Gold's safe-haven attribute stems from 5,000 years of human consensus—it's not just a "safe-haven asset," but the "ultimate currency."
3. Federal Reserve Rate Cut Expectations and Inflation Hedge: Gold's "Anti-fragile" Property
Although the Federal Reserve maintains high interest rates, the market has already priced in expectations for rate cuts in the second half of 2025. A low-interest-rate environment reduces the opportunity cost of holding gold, driving capital inflows.
More critically, the global government debt-to-GDP ratio has surpassed 130%, and long-term inflation expectations in the U.S. have strengthened. The demand for gold as an anti-inflation tool has surged, while the weakening trend of the dollar has also prompted investors to turn to gold for value preservation.

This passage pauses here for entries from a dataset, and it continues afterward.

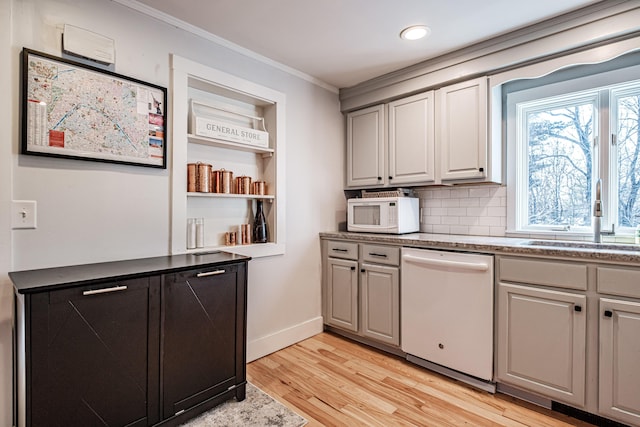 kitchen with white appliances, light wood finished floors, ornamental molding, decorative backsplash, and a sink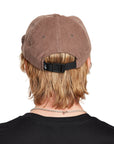 A young man wearing a Paradise brown hat, back view, displaying the adjustable strap and the back design of the hat.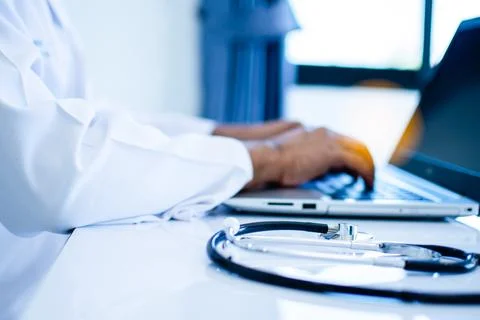 A stethoscope on a doctor's table using a laptop computer in a hospital lab Stock Photos
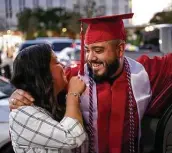  ?? Matthew Busch / Contributo­r file photo ?? Christophe­r Romero hugs his wife, Joann, at a San Antonio College graduation parade last November.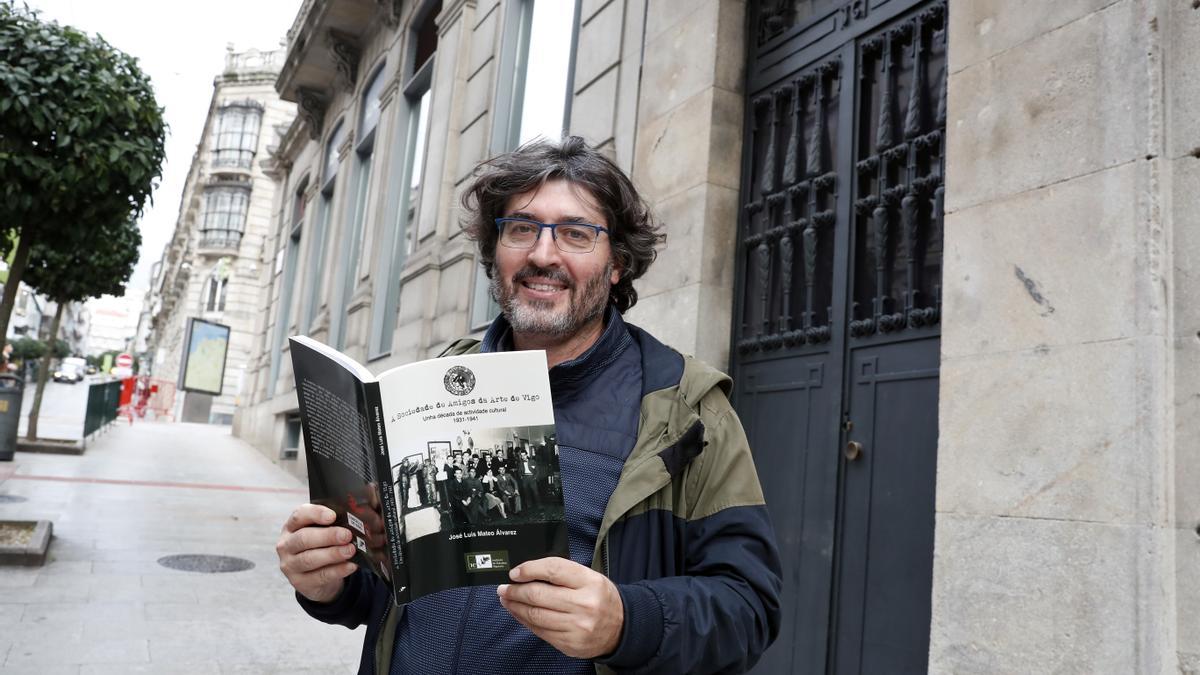 El historiador José Luis Mateo con su libro frente a la puerta de la que en su momento fue sede de la Sociedade Amigos da Arte.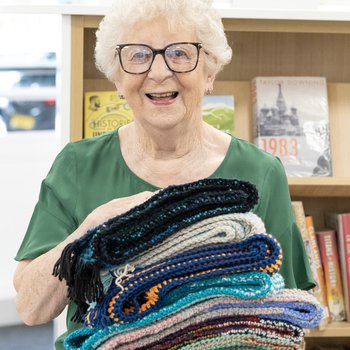 An elderly lady holds a pile of knitted scarves
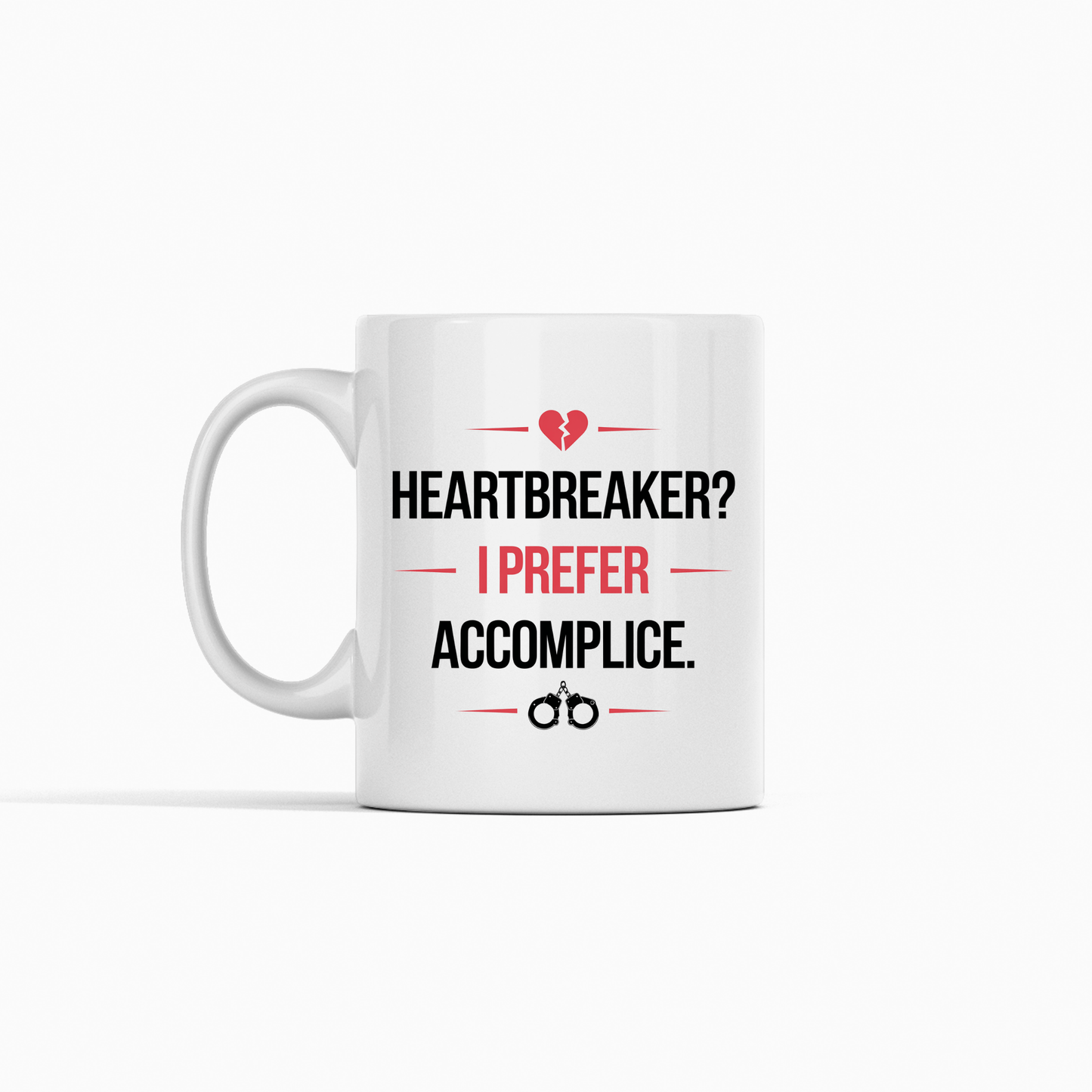 Mirabilia Boutique’s Heartbreaker Mug—"HEARTBREAKER? I PREFER ACCOMPLICE." with bold text, broken heart and handcuff icons—makes a flirty couples gift or fun partner-in-crime Valentine’s present.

Gold's "anti-fragile" characteristic allows it to maintain value in various economic environments, including inflation, deflation, and stagflation.
Bitcoin's "Digital Gold" Dilemma: Why It Failed to Deliver Safe Haven Promises in 2025
Bitcoin was once highly anticipated as a potential "digital gold." However, the market performance in 2025 has challenged this narrative:
- Strong correlation with tech stocks: The correlation between Bitcoin and the Nasdaq index surged to 0.8, resembling a "risk asset" rather than a "safe-haven asset."
- Policy uncertainty: The tightening of regulations by the U.S. SEC on cryptocurrency exchanges and ambiguous statements from the Trump administration regarding Bitcoin as a strategic reserve have intensified market sell-off pressures.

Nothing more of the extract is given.